Kore Savaşı sırasında nükleer silah kullanmak isteyen ordu üyeleri vardı. Bunlardan biri General Douglas MacArthur'du.
1954'teki Tayvan Boğazı krizi sırasında ABD'nin nükleer bombaları Çin'e karşı ciddi bir tehditti. Ordu çatışmayı bastırmak için Çin'e nükleer bomba atılmasını önerdi.
Küba Füze Krizi belki de dünyanın bütün bir nükleer savaşa en yakın olduğu andı. Bu kriz sırasında her türden nükleer silah gündeme geldi.
Daha sonra 1995'te, Norveç'ten yapılan bilimsel bir roket fırlatması sırasında radar gözlemcileri ABD'den Moskova'ya bir nükleer ICBM'nin fırlatıldığına inandılar. Nükleer bomba kullanımı yeniden masadaydı.
Son olarak 2001 yılında bir kez daha tartışıldı. Nükleer silah kullanmaya dair hiçbir zaman kamuya açıklanmayan başka olaylar da olabilir.
Sonuç
Neyse ki, 11 Eylül'den sonra nükleer silah kullanılmadı. Bunun yerine NATO tarafından Afganistan'da uzun bir konvansiyonel savaş başlatıldı ve kısa süre önce sona erdi.
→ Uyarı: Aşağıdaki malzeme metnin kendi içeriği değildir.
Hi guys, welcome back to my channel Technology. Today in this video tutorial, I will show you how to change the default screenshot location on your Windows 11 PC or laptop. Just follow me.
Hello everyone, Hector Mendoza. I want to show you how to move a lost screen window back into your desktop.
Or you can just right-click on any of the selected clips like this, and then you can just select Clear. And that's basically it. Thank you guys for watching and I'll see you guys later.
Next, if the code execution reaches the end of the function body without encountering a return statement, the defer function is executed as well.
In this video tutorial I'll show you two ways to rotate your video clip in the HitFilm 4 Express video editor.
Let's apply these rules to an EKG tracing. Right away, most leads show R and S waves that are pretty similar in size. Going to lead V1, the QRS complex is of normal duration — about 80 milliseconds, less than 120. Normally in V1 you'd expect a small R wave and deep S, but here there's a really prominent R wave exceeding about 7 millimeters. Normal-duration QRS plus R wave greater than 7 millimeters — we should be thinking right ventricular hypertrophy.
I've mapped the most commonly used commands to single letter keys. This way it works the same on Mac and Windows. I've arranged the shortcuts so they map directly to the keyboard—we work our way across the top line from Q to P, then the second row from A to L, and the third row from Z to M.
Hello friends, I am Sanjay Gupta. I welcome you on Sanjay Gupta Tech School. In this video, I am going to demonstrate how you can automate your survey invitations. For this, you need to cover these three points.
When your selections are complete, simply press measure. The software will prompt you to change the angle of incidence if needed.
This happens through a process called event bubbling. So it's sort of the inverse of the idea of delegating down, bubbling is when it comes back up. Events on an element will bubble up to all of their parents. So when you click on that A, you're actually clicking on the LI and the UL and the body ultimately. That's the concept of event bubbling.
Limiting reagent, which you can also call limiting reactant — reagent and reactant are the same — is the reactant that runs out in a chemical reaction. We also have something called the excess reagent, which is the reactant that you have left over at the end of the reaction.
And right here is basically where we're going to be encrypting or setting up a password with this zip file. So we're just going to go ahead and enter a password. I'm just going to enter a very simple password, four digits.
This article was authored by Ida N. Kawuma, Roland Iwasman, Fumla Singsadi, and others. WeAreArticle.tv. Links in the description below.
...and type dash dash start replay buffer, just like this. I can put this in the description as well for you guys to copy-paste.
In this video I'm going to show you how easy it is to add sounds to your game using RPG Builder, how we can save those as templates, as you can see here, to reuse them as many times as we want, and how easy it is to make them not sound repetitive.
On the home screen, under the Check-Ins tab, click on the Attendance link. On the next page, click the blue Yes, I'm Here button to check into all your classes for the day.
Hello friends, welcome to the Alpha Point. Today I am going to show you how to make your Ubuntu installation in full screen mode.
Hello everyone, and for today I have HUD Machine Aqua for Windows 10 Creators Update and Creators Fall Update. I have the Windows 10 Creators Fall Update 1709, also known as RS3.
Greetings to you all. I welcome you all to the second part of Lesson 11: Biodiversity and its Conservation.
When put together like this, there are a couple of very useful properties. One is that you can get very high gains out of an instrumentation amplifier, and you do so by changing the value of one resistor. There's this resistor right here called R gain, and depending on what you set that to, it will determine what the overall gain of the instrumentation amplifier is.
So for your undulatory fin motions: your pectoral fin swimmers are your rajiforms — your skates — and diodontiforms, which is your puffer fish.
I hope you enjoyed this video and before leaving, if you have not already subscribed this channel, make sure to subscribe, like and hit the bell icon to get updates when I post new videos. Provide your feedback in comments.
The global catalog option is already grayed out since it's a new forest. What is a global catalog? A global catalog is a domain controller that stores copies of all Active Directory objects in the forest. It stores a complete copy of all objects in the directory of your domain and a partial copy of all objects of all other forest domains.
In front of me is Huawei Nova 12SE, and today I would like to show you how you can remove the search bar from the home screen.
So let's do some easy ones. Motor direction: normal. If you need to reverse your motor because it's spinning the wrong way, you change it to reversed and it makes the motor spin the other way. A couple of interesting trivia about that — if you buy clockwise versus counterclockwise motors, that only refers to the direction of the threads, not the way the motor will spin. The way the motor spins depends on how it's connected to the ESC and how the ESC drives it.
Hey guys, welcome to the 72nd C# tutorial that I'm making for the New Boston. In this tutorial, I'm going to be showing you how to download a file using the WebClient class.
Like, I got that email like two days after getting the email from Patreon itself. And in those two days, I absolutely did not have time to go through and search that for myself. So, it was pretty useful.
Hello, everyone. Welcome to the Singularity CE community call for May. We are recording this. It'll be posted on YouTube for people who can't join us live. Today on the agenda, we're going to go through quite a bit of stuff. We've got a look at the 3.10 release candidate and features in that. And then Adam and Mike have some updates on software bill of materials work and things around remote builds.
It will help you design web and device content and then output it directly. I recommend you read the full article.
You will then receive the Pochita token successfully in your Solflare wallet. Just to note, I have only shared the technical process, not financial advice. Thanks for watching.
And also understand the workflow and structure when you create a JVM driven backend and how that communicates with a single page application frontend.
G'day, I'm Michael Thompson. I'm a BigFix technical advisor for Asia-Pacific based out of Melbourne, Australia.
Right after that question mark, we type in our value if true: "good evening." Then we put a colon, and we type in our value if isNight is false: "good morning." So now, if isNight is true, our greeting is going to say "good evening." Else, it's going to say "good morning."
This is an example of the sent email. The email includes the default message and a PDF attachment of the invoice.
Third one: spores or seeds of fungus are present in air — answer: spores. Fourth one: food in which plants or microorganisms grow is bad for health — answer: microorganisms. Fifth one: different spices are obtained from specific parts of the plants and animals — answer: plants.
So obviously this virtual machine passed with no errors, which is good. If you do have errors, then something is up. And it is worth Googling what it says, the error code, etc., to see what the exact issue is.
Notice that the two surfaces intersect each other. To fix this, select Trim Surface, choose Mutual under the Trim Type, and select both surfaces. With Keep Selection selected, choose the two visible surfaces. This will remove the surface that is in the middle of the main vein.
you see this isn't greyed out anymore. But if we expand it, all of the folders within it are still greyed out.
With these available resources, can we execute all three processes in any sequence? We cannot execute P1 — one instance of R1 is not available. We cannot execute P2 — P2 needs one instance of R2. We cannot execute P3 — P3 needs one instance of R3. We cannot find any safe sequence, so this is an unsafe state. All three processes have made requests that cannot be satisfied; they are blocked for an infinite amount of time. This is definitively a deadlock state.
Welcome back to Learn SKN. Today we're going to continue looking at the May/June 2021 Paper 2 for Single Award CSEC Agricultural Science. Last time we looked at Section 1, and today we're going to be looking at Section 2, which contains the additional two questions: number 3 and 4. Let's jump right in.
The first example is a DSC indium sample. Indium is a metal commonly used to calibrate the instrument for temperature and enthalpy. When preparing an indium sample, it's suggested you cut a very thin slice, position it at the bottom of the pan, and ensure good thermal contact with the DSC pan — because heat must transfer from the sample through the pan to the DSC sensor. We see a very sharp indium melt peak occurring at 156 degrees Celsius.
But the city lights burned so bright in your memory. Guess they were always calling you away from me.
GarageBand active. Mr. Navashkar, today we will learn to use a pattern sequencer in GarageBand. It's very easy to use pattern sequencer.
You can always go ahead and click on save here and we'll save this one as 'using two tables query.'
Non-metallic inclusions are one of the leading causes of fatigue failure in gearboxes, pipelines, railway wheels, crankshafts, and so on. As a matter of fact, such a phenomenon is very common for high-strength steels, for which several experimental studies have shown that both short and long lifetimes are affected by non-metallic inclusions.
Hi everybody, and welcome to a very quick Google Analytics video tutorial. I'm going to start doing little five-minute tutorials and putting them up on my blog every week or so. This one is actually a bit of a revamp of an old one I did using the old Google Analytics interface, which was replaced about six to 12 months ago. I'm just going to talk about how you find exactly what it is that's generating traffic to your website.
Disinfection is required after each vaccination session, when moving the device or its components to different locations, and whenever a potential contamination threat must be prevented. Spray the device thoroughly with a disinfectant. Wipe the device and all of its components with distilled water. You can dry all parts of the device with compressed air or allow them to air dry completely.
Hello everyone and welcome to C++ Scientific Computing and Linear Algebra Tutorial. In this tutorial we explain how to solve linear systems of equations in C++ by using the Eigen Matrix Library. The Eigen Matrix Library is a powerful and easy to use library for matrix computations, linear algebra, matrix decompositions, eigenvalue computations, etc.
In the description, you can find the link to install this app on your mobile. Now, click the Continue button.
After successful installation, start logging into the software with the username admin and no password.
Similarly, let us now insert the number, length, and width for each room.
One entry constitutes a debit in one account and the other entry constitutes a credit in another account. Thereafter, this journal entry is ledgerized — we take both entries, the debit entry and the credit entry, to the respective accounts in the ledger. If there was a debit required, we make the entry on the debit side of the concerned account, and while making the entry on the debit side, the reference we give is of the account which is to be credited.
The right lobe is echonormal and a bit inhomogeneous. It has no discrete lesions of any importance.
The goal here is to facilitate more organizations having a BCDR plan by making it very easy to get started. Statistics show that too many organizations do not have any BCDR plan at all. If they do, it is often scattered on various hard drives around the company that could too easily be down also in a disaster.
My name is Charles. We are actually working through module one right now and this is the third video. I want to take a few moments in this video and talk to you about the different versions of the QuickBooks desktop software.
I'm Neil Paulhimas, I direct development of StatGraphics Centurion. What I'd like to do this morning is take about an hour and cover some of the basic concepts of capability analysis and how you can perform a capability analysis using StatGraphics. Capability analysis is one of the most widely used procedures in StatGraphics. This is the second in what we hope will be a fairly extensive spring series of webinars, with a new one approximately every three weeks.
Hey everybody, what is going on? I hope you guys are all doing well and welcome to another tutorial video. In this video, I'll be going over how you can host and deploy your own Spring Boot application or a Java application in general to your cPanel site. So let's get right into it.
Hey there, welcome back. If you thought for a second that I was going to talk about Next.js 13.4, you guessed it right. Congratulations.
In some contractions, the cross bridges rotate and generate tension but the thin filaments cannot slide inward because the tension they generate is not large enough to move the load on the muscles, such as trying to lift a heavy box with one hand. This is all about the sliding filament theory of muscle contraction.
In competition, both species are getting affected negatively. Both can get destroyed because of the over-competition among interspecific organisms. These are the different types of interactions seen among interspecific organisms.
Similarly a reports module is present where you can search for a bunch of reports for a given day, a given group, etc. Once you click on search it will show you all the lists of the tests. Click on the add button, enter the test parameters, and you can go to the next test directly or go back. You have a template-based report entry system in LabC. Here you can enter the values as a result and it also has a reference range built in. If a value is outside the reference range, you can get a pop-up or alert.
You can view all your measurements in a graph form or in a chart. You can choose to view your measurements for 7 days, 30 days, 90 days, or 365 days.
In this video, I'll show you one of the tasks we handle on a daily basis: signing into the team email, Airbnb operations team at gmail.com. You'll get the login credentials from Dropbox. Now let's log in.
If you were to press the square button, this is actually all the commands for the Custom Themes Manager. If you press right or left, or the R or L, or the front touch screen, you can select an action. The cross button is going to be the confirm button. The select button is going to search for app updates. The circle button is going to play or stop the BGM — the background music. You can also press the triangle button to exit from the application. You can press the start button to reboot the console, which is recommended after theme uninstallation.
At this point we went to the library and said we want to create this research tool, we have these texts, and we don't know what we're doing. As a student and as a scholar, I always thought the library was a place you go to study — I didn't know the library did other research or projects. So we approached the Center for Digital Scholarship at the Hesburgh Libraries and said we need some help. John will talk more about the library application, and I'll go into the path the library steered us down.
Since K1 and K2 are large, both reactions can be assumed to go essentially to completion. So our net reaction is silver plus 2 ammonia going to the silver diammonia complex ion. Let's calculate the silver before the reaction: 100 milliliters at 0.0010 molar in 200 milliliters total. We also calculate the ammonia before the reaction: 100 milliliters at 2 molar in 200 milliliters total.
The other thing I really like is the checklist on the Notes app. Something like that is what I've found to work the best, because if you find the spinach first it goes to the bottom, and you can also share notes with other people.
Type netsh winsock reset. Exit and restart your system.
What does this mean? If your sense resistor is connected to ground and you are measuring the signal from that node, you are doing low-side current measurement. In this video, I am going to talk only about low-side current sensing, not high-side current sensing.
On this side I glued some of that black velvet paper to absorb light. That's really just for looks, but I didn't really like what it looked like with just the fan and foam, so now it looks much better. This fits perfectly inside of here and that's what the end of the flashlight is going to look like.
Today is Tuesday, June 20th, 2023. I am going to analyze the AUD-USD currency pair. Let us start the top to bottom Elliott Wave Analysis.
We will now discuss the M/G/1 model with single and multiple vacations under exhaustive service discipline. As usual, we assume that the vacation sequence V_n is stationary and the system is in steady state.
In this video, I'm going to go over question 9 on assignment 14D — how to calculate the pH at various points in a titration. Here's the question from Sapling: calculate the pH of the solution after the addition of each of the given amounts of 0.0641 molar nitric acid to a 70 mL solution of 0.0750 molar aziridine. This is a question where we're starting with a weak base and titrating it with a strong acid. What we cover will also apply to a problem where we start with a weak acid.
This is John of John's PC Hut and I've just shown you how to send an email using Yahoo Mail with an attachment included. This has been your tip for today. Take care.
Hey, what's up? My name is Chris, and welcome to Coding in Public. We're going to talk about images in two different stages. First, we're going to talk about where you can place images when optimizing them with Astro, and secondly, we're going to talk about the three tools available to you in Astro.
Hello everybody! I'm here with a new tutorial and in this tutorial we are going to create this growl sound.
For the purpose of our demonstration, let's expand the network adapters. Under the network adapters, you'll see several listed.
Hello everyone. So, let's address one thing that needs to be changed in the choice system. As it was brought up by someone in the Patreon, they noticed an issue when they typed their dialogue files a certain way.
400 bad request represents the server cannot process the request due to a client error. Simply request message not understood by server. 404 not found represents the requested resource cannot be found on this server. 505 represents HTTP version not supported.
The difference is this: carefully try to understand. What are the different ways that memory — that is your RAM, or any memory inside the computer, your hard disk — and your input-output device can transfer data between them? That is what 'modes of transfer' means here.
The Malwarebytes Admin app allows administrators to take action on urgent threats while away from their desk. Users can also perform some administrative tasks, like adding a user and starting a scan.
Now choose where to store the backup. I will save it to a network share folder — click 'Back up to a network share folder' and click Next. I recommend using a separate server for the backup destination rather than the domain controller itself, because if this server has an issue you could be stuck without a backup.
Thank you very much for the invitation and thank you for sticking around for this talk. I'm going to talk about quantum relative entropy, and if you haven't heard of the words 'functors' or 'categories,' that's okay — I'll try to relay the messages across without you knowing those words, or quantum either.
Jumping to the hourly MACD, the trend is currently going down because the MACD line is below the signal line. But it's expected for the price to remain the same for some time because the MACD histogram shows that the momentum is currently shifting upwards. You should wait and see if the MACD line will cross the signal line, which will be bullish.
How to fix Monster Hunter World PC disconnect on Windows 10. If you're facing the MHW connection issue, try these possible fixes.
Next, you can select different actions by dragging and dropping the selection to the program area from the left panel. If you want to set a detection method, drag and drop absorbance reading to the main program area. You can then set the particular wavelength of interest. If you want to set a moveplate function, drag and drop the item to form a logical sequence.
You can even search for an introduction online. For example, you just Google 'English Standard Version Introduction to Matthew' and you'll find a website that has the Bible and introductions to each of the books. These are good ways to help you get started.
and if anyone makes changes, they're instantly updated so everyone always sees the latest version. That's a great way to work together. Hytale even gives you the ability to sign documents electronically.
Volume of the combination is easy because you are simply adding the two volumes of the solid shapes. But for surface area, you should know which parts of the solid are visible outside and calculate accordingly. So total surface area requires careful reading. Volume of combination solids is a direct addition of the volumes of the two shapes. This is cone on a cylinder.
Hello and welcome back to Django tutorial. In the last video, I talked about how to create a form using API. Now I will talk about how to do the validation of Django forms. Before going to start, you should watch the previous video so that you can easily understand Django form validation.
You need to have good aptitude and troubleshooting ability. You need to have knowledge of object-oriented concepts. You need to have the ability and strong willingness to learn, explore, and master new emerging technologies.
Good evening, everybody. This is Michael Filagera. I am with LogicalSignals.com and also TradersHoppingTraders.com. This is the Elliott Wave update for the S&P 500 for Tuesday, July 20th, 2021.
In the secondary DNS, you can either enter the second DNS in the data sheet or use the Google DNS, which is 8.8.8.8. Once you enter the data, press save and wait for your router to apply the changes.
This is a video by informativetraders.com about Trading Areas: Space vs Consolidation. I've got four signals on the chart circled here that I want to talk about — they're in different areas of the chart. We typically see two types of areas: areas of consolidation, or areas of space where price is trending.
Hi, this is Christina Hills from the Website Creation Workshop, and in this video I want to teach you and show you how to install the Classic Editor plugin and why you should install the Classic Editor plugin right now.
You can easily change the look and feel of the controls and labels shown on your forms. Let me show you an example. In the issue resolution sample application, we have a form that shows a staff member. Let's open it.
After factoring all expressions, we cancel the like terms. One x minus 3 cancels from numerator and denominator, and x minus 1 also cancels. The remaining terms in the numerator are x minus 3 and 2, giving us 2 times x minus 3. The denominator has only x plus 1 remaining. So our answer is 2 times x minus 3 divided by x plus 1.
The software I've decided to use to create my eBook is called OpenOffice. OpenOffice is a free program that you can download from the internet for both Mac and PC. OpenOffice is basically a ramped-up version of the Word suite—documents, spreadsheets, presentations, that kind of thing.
Nükleer bomba yeniden güvenli bir şekilde şişesine yerleştirildi. Ancak nükleer savaş riski insanlıktan uzak olmayacak.
Günümüzde nükleer silah kullanımı tehdidi bir kez daha artıyor. Rusya hazırlık seviyesini yükseltti ve ABD tepkileri ölçüyor.
Japonya, şimdiye kadar nükleer saldırıya uğrayan tek ülke olmaya devam ediyor. O zamanlar kendilerine ait herhangi bir nükleer silaha sahip değillerdi. Bombanın karmaşıklığı nedeniyle nükleer programlarını iptal etmişlerdi.